5 - EUTANÁSIA: O ENFERMO


      O homem do chapéu de feltro está junto de uma mulher de meia idade, que sentada ao seu lado, na parte superior descoberta do ônibus que faz a “Linha Turismo” em Porto Alegre, rodando pelos pontos considerados “turísticos” pela Prefeitura, escuta dela lacrimosos pedidos para que “acabe” de vez com o sofrimento do marido.
     A mulher já lhe tinha mostrado o “passaporte” para atingir o objetivo nefasto à que se propunha: eliminar o marido enfermo, diagnosticado com Mal de Parkinson, preso ao leito de um grande hospital particular da cidade.
     -Como a senhora conseguiu este cartão? Falou o homem do chapéu de feltro olhando o objeto que ela balançava na sua frente e cobrando-lhe o que ELE prometera a outros antes dela: atenção ao pedido suplicante de “ajuda”.
     -Um advogado que nós dois conhecemos me repassou este cartão, com a recomendação de que eu mantivesse discrição e segredo sobre o nosso encontro. Fiquei surpreendida com a rapidez com que o senhor veio ao meu encontro. O “meu”, digo, “nosso” amigo, me aconselhou também a não perguntar o seu nome.
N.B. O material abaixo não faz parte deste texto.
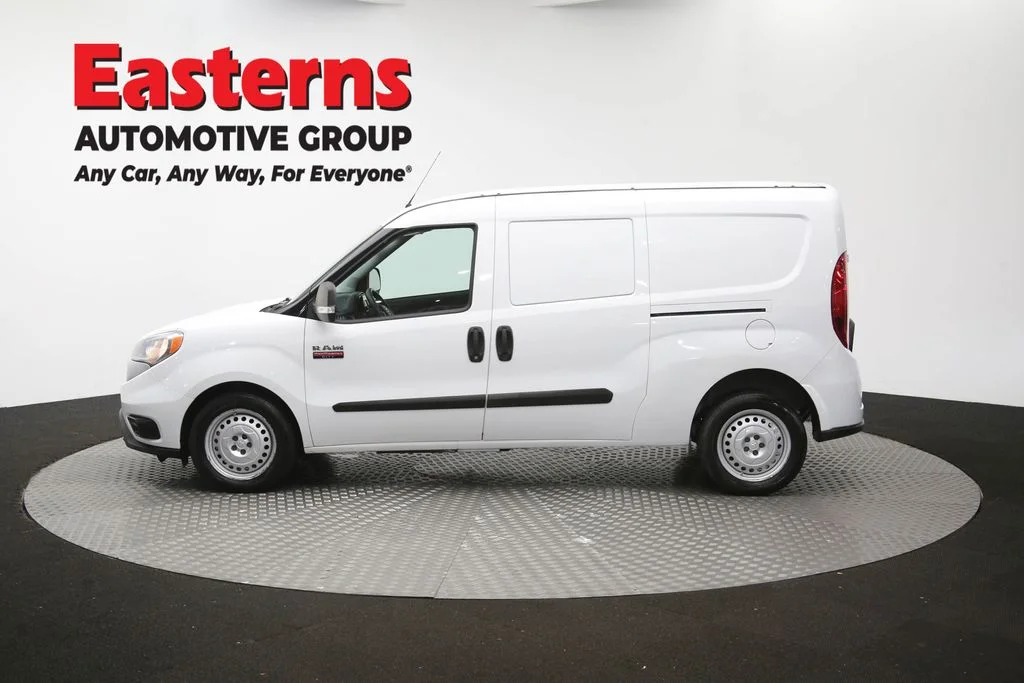 Used 2022 White Ram Base image 59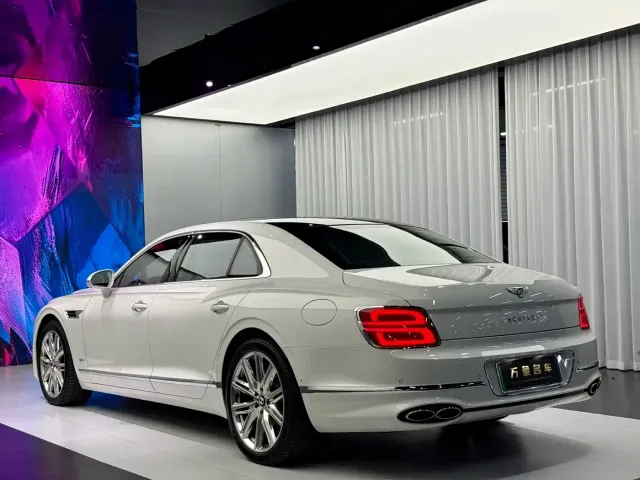 Bentley Flying Spur Plug-in Hybrid 2022 2.9T V6 Hybrid — Фото автомобиля 4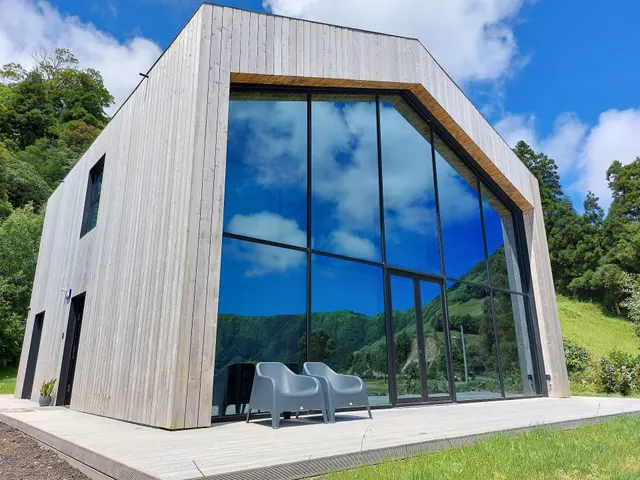 Sete Cidades Lake Cabin
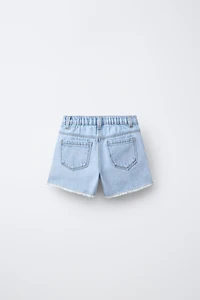 MOM FIT DENIM SHORTS WITH CROCHET FLOWERS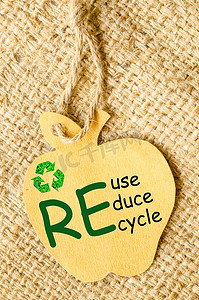 回收标志和减少、再利用、回收。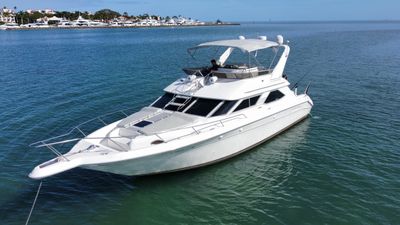 Photo of 50ft searay flybridge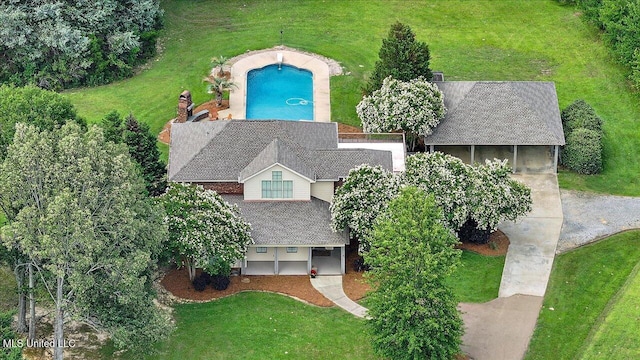 210 Planters Grv, Brandon, MS 39047 - view of subject property with a pool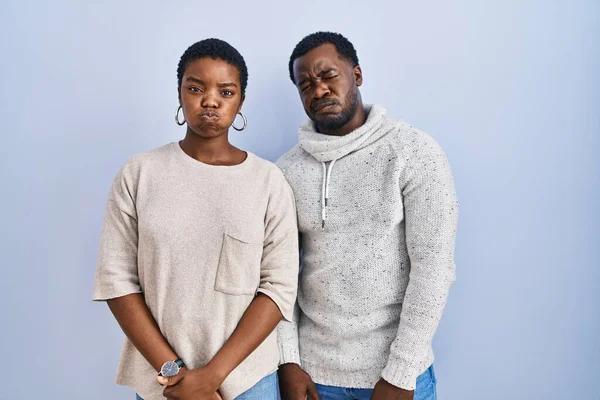 Jeune Couple Afro Américain Debout Sur Fond Bleu Ensemble Joues — Photo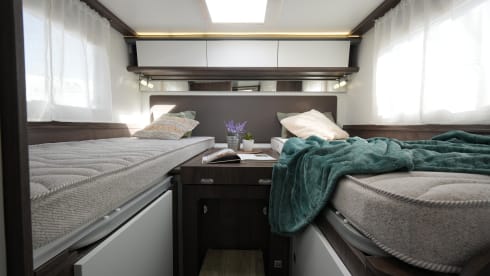 3. Ford Benimar Cocoon 463 for 4 persons (model 2022)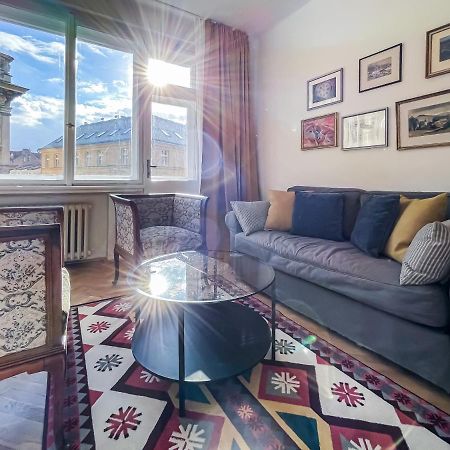 פראג Turnkey I Vintage Terrace Apartment מראה חיצוני תמונה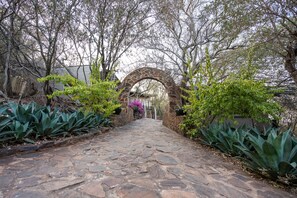 View from room - Humdani Game Lodge (Beestekraal)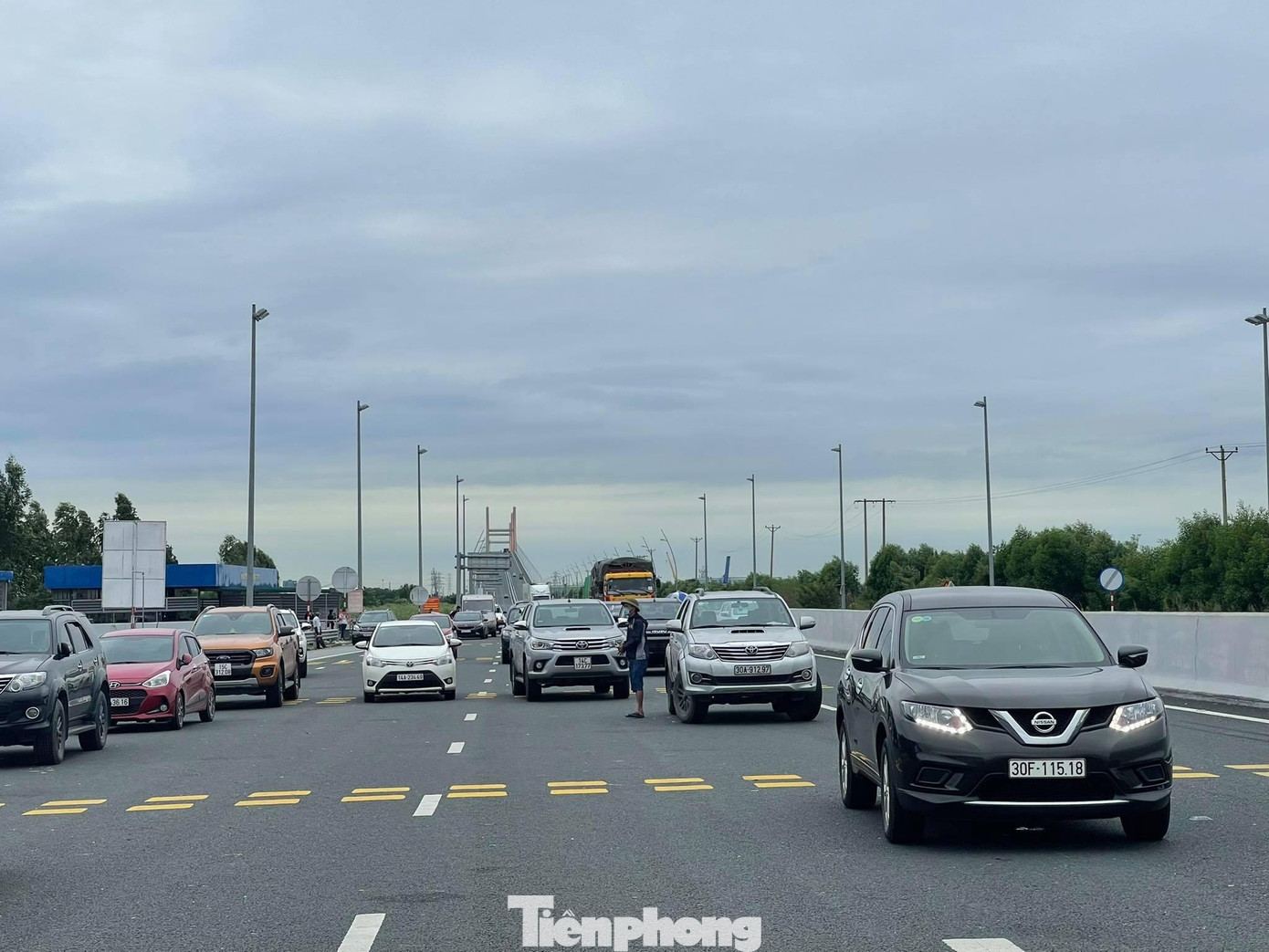 Theo cán bộ trực tại chốt cầu Bạch Đằng (thị xã Quảng Yên), sau khi dỡ bỏ quy định tiêm đủ 2 mũi và giấy xét nghiệp PCR âm tính mới được ra vào tỉnh Quảng Ninh, lưu lượng phương tiện và người dân khai báo y tế tại chốt này đã tăng đột biến. Theo cán bộ trực tại chốt cầu Bạch Đằng (thị xã Quảng Yên), sau khi dỡ bỏ quy định tiêm đủ 2 mũi và giấy xét nghiệp PCR âm tính mới được ra vào tỉnh Quảng Ninh, lưu lượng phương tiện và người dân khai báo y tế tại chốt này đã tăng đột biến.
     O homem do chapéu olhou surpreso para ela. Ele nunca imaginou que alguém fosse optar por aconselhar outro a tratar com estranhos e anônimos, assuntos tão delicados. Tentaria explorar mais o terreno em que estava pisando. Precisava captar da mulher tudo que fosse necessário para entender as forças que a levavam tomar atitude tão extrema contra o marido. E experiência com propósitos escusos não lhe faltou em diversos “pedidos” semelhante e já atendidos.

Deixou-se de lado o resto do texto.